This page is a single P–V canvas with a dropdown to load Carnot, Otto, Diesel, Stirling, or a Rankine P–v sketch. Gas cycles reuse the same closed-form geometry as the dedicated labs: nR = 1, γ = 1.4, Carnot/Stirling isotherms in kelvin, Otto/Diesel air-standard legs. Rankine replays the qualitative four-corner loop from the Rankine simulator (normalized ṕ sliders and turbine quality x₄), not steam-table volumes. The plot auto-scales axes to the active cycle so each loop is readable; numeric P and V are not a universal calibration across cycle types.
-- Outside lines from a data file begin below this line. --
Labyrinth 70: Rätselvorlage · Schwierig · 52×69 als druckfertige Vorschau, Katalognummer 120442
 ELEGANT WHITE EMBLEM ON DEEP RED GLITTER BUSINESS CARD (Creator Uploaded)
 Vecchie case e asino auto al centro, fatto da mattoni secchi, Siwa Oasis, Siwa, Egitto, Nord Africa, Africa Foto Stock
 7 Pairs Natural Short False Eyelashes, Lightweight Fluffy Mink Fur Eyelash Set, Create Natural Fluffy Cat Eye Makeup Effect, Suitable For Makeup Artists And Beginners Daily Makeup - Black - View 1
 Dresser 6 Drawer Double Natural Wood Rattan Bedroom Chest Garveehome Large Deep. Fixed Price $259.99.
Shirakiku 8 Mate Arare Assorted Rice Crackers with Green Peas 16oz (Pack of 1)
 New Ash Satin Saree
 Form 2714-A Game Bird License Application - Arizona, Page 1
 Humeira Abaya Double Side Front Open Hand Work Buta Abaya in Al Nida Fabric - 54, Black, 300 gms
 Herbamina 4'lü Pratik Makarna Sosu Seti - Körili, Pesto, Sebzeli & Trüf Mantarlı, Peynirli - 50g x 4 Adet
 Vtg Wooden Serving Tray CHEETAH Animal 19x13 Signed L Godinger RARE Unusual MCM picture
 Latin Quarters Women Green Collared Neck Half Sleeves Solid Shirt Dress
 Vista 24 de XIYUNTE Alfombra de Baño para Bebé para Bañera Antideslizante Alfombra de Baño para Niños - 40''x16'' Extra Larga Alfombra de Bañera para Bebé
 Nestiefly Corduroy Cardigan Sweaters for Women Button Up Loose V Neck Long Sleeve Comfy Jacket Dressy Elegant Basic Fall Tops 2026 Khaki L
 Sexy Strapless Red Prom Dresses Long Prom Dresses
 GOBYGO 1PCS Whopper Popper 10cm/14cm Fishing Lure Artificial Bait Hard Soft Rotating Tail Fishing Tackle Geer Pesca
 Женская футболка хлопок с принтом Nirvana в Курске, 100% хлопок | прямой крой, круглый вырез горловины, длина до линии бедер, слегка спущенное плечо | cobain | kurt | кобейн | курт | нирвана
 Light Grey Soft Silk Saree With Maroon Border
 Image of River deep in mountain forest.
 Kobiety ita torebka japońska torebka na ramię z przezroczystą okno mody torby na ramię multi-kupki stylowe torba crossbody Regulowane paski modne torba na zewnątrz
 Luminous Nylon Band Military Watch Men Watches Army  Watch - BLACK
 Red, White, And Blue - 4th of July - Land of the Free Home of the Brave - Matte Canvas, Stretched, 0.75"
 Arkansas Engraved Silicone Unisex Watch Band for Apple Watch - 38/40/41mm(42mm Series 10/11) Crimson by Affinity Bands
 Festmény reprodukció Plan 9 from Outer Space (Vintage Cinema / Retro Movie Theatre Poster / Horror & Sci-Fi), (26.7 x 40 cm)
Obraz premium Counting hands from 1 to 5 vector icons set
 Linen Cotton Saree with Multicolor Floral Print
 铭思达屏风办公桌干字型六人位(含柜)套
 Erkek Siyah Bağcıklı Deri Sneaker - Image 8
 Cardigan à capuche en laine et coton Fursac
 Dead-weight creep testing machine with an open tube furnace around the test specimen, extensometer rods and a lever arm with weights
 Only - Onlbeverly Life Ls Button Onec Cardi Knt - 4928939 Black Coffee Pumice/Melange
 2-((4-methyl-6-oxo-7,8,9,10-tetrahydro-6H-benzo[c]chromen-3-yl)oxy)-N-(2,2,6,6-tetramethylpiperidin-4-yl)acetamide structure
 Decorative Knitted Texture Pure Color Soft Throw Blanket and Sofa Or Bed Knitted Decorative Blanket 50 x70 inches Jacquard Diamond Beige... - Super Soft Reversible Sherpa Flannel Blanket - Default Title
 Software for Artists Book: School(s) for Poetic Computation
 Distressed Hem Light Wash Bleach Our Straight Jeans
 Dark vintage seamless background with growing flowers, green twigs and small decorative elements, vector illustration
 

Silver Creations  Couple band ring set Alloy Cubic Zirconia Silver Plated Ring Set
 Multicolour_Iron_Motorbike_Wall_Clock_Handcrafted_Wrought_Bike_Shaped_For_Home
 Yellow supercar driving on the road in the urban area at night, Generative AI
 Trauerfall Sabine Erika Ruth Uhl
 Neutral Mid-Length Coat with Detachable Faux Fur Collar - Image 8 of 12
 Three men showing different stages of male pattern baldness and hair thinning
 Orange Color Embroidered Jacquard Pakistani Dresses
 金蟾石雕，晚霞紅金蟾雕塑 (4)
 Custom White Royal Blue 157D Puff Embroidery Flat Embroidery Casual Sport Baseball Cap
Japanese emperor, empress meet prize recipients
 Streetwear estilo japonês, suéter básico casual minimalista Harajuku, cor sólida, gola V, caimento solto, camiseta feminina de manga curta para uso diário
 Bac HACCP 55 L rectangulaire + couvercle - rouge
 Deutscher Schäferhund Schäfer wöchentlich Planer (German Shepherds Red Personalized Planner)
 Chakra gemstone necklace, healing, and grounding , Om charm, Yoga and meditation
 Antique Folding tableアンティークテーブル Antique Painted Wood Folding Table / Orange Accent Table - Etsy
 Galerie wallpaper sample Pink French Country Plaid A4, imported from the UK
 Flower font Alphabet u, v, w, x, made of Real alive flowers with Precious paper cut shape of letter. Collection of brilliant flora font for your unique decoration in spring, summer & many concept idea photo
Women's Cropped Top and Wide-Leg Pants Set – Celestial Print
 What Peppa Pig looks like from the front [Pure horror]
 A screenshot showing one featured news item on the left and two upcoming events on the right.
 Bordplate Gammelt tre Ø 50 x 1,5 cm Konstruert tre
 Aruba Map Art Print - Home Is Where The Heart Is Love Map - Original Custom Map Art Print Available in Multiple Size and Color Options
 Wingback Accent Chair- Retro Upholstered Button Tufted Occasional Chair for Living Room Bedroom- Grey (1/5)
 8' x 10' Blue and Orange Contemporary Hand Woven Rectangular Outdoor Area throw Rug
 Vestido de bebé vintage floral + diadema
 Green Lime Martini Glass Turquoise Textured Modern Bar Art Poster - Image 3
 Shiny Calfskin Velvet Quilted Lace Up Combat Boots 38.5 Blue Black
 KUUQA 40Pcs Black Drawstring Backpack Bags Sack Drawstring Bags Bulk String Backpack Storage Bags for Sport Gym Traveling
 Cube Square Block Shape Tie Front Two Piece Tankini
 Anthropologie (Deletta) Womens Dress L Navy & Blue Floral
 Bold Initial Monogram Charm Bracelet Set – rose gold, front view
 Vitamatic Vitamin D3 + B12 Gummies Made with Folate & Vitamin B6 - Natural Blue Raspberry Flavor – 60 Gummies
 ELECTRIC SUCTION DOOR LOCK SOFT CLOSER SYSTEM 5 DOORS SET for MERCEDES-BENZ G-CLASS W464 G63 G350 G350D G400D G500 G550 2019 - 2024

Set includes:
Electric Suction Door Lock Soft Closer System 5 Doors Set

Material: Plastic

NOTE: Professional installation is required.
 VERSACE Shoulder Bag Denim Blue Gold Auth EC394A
Displayed η matches textbook formulas for the gas cycles; for Rankine it is a rough area-based proxy for teaching only.
Who it's for: Students who have met individual cycle pages and want side-by-side shape comparison without juggling browser tabs.
Key terms
P–V diagram
Carnot cycle
Otto cycle
Diesel cycle
Stirling cycle
Rankine cycle
thermal efficiency
auto-scale axes
How it works
Switch among Carnot, Otto, Diesel, Stirling, and a Rankine P–v sketch on one canvas. Four colors trace the loop in parametric order (0–25%, 25–50%, …); the physical meaning of each segment depends on the cycle (e.g. Carnot starts on the hot isotherm, not compression). Gas cycles match the standalone labs (nR = 1, γ = 1.4); Rankine is a qualitative sketch.
Frequently asked questions
Why do the axis numbers jump when I change cycles?
Each cycle is drawn in its own natural model units with automatic padding. The goal is to compare shapes and process labels (colored legs), not to read one universal pressure-volume scale across engines.
Is Rankine here as accurate as the full Rankine page?
No. Only the P–v cartoon is shared; the T–s dome and enthalpy-based discussion stay on the Rankine lab. Efficiency on this page is an illustrative ratio, not a plant heat balance.
Does Stirling really reach Carnot efficiency?
The ideal Stirling with a perfect regenerator and reversible isothermal/isochoric legs has the same efficiency limit as Carnot between the same reservoirs. Real machines have losses and imperfect regeneration.